Rozgrywająca Ruchu zdobyła dziewięć bramek w meczu z MTS Żory. Znów perfekcyjnie wykonywała rzuty karne.

Pamiętacie listopadowy mecz w Żorach? Natalia Kolonko ośmiokrotnie egzekwowała rzuty karne i… zdobyła osiem bramek. Wydawało się, że w rewanżu w Chorzowie rywalki mogą rozpracować zawodniczkę „Niebieskich”.

Tymczasem Natalia znów rzucała ze 100-procentową skutecznością! Sześć „siódemek” i sześć goli (a w całym spotkaniu aż dziewięć). - Starałam się nie myśleć o tym, że bramkarka z Żor mnie analizowała. Rzuciłam po prostu tam, gdzie było wolne. Mimo że kilka razy było blisko, to cieszę się, że wszystko wpadło i to jest najważniejsze - uśmiechnęła się Natalia Kolonko po meczu z MTS Żory.

Ruch pokonał wicelidera tabeli grupy B pierwszej ligi w hali MORiS 32:27.

- Wiedziałyśmy, że to jest najważniejszy mecz w tym czasie, oczywiście nie lekceważąc następnych zespołów, z którymi się zmierzymy. Wiedziałyśmy, że może być na styku. Ogromnie się cieszymy, że wygrałyśmy, jesteśmy przeszczęśliwe! - dodała rozgrywająca Ruchu.

„Niebieskie” powiększyły przewagę nad zespołem z Żor, a także trzecią w tabeli Jelenią Górą do sześciu punktów.

- Mam nadzieję, że ten mecz da nam jeszcze większego kopa i pójdziemy za ciosem. Nie możemy już tego wypuścić z rąk! - podkreśliła Natalia Kolonko pytana o walkę o awans do PGNiG Superligi Kobiet.

Kolejne spotkanie w I lidze rozegramy dopiero 30 kwietnia. Wcześniej dokończymy sezon w MOL Lidze, gdzie czekają nas jeszcze trzy mecze.

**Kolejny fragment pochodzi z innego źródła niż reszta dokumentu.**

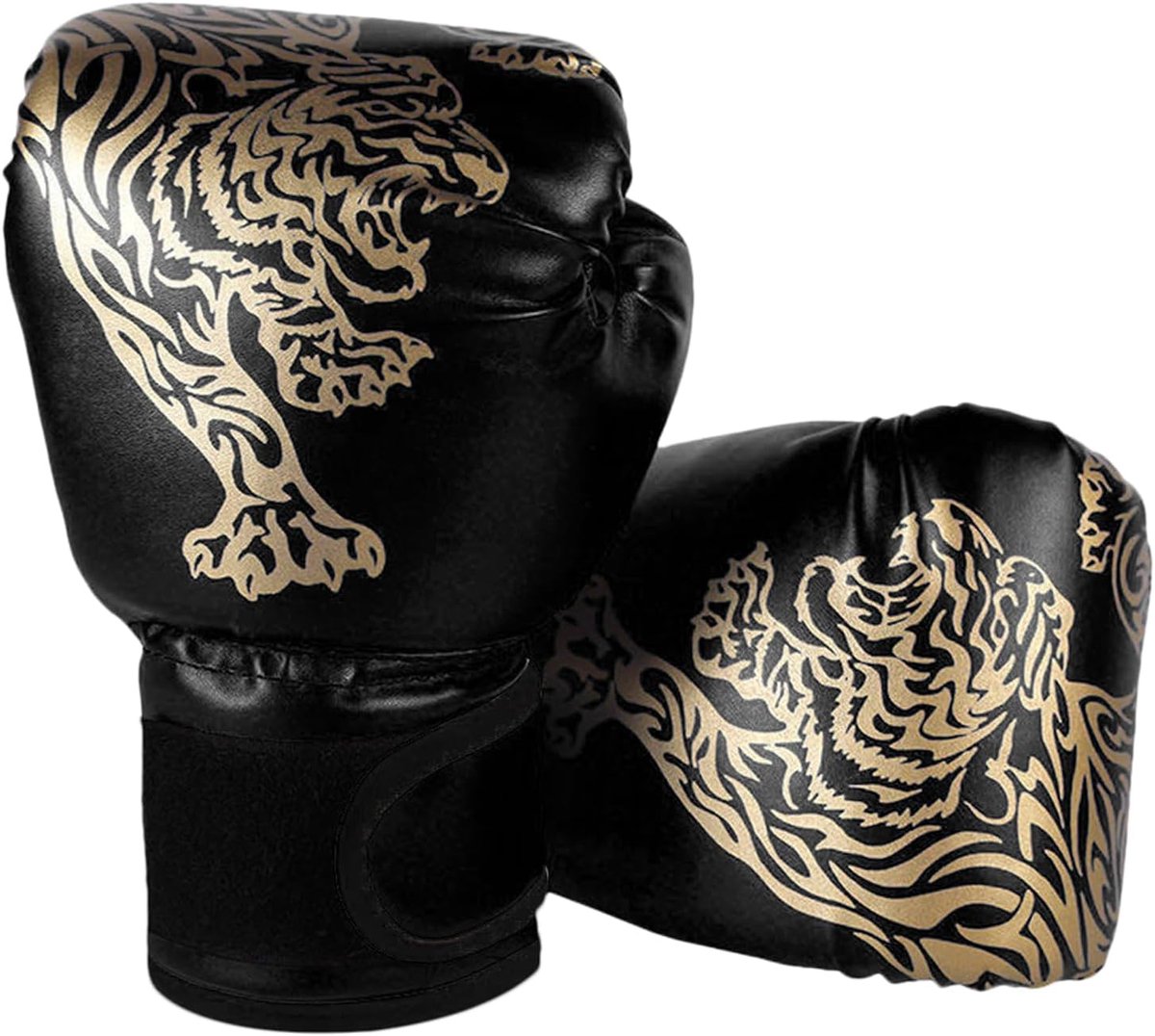 Bokshandschoenen voor kinderen, junior sparringhandschoenen, bokshandschoenen, kinderbokshandschoenen, PU bokshandschoenen, junior sparringhandschoenen, leeftijdsgroep 3-12 jaar, bokstraining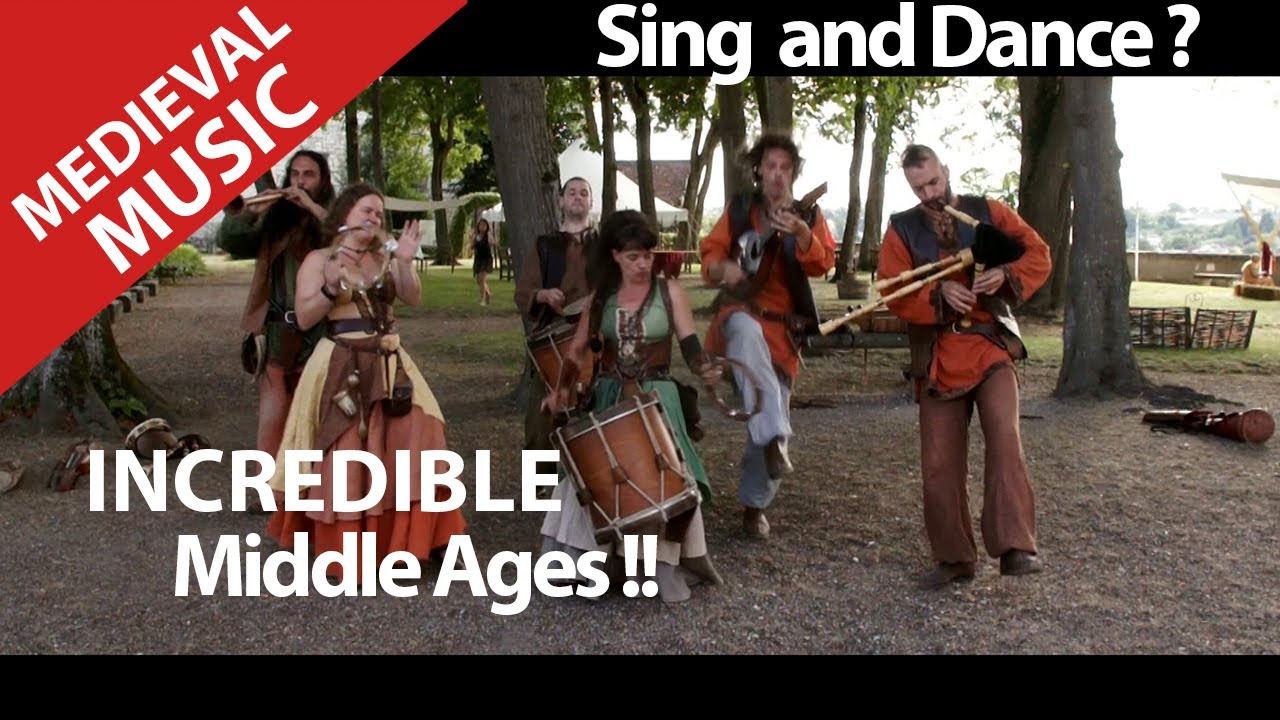 Medieval Music Are You up for a Renaissance ? Middle ages Festival ! ! Hurryken Production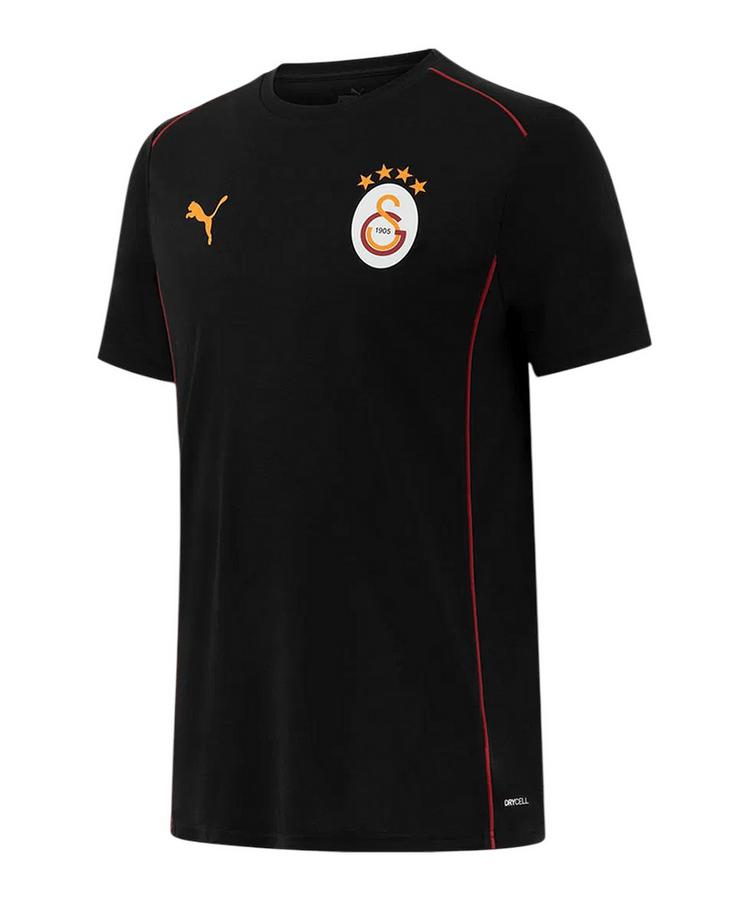 PUMA PUMA Galatasaray Istanbul T-Shirt T-Shirt Herren - schwarz - 0 | SportScheck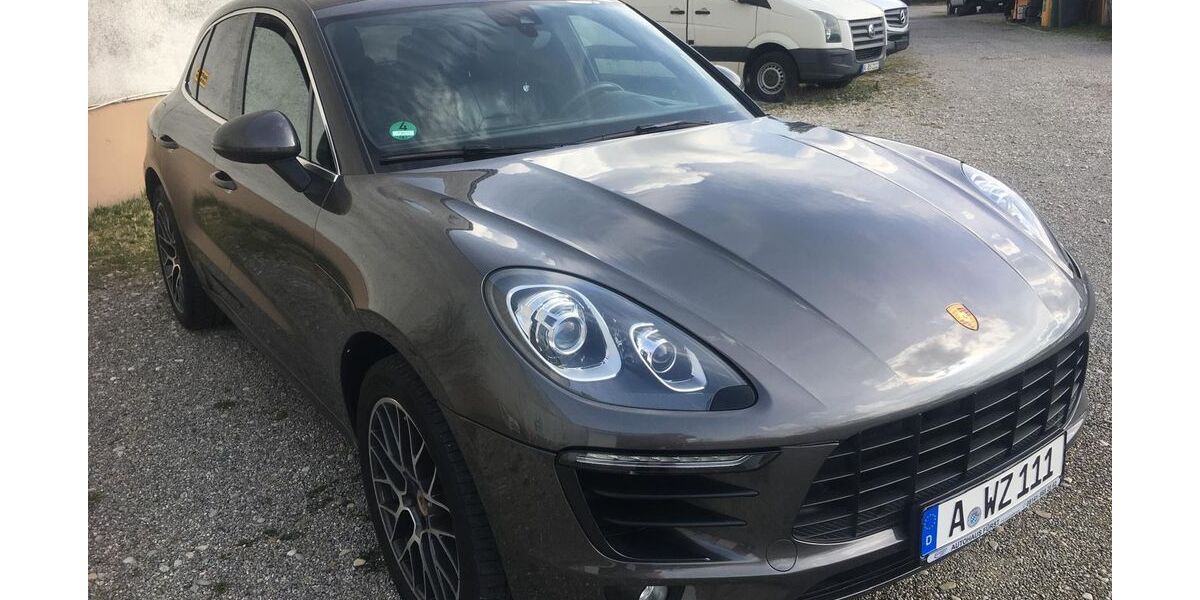 Porsche Macan 180.000 km 24.490 &euro; Duisburg 47138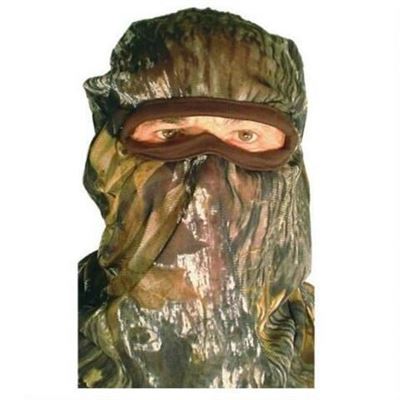 Quaker Boy Bandito Full Facemask Mossy Oak Break Up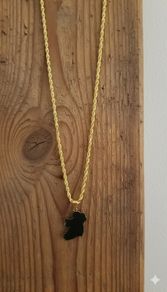 Ireland necklace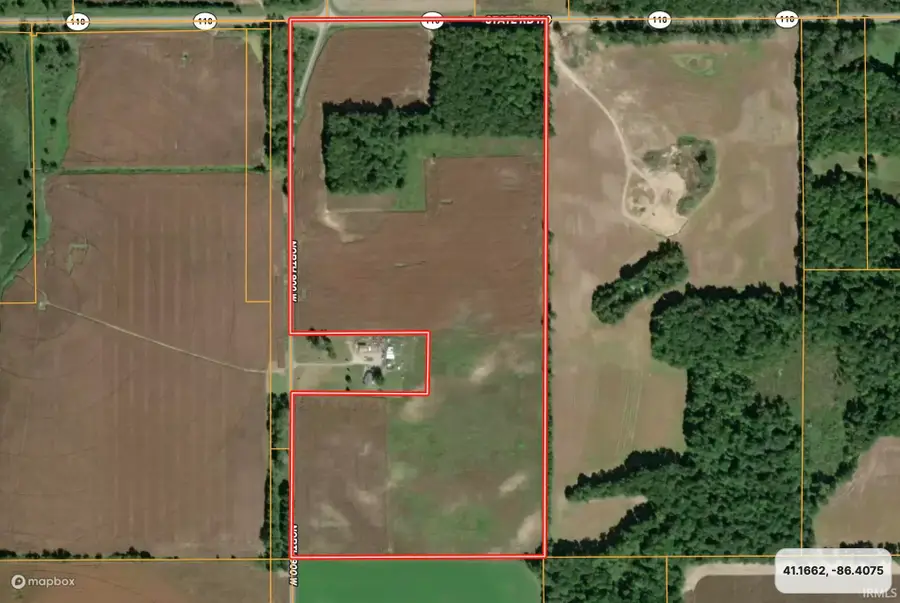 TBD 7677 N 900 W, Culver, IN 46511 - #2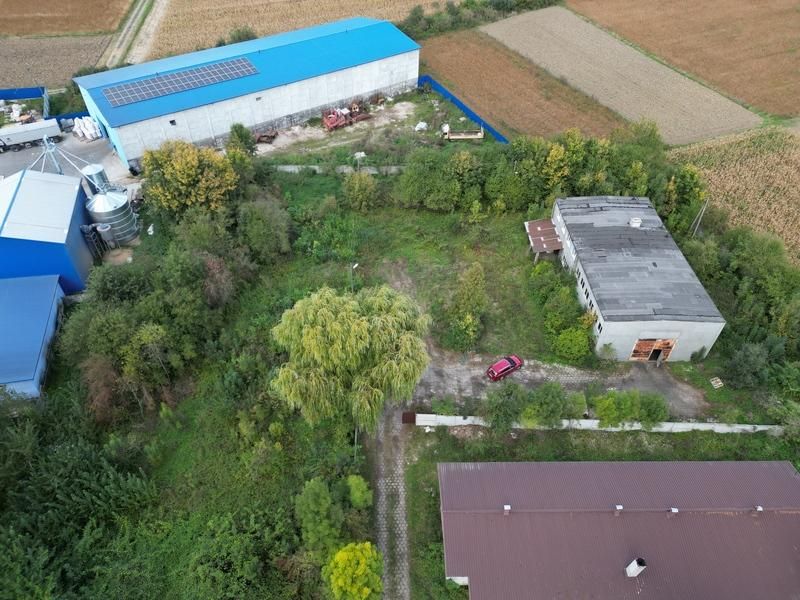 Hala/magazyn Siedliszowice. Zdjęcie 4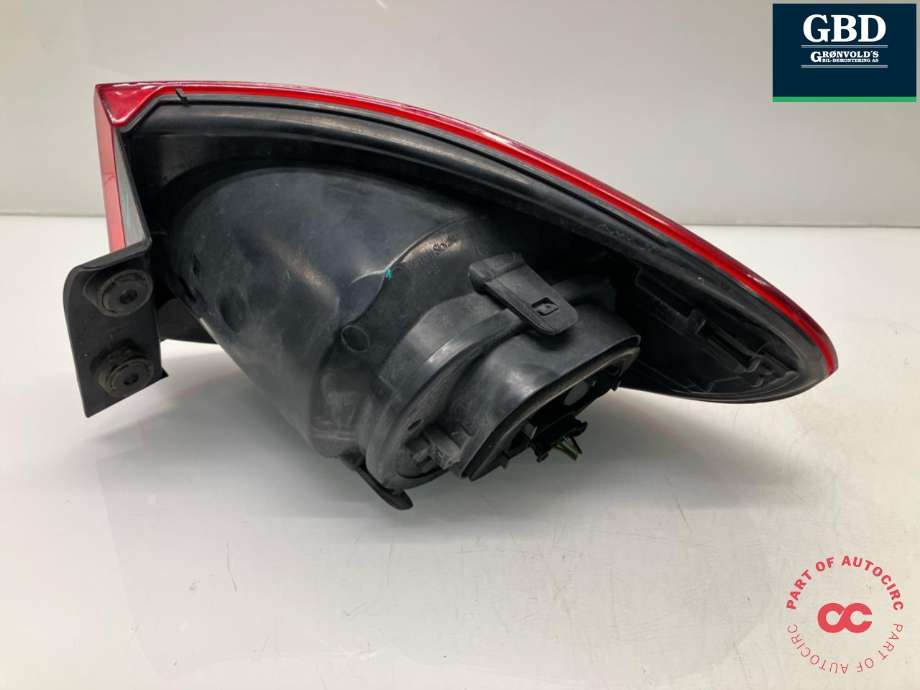 Baklykt venstre ytre til VW Tiguan 2011-2016 (Type I, Fase 2)  (5N0 945 111 D|5N0 945 095 H|)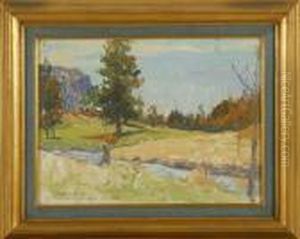 Burragorang Valley N.s.w. by Anthony Datillo Rubbo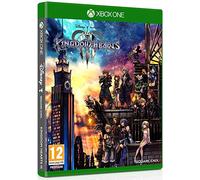 Square Enix Kingdom Hearts III, Xbox One videogioco Basic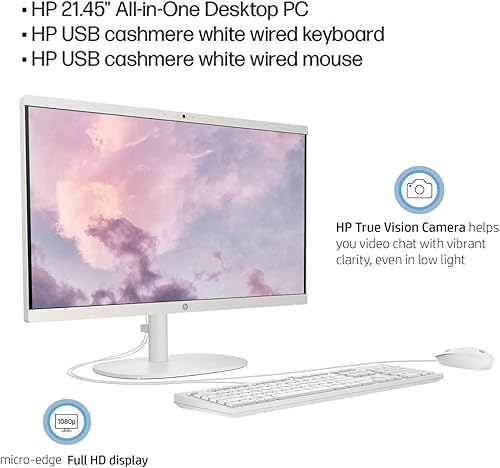 HP Premium All-in-One Desktop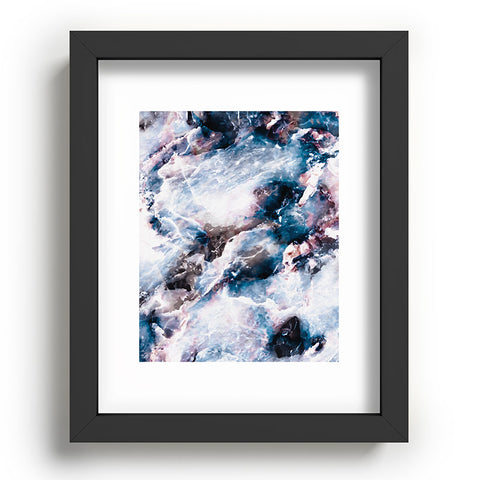 Marta Barragan Camarasa Marble effect Recessed Framing Rectangle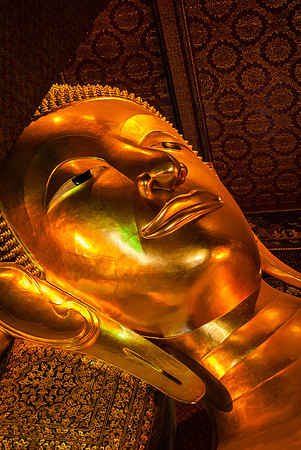 Reclining Buddha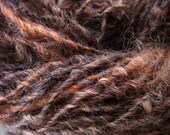 Handspun Lincoln Longwool Wool Yarn by KnoxFarmFiber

Ten najbliższy już w niedzielę, 3 kwietnia, z Sokolem Pisek w hali MORiS (o godz. 18.00).

- W niedzielę będzie to dla nas radość grania, myślę, że pograją wszystkie dziewczyny. Najważniejszy był sobotni mecz. W niedzielę damy z siebie wszystko, ale… To, co było dzisiaj, na pewno i tak zostanie nam w głowach! - powiedziała po meczu z Żorami Natalia Kolonko.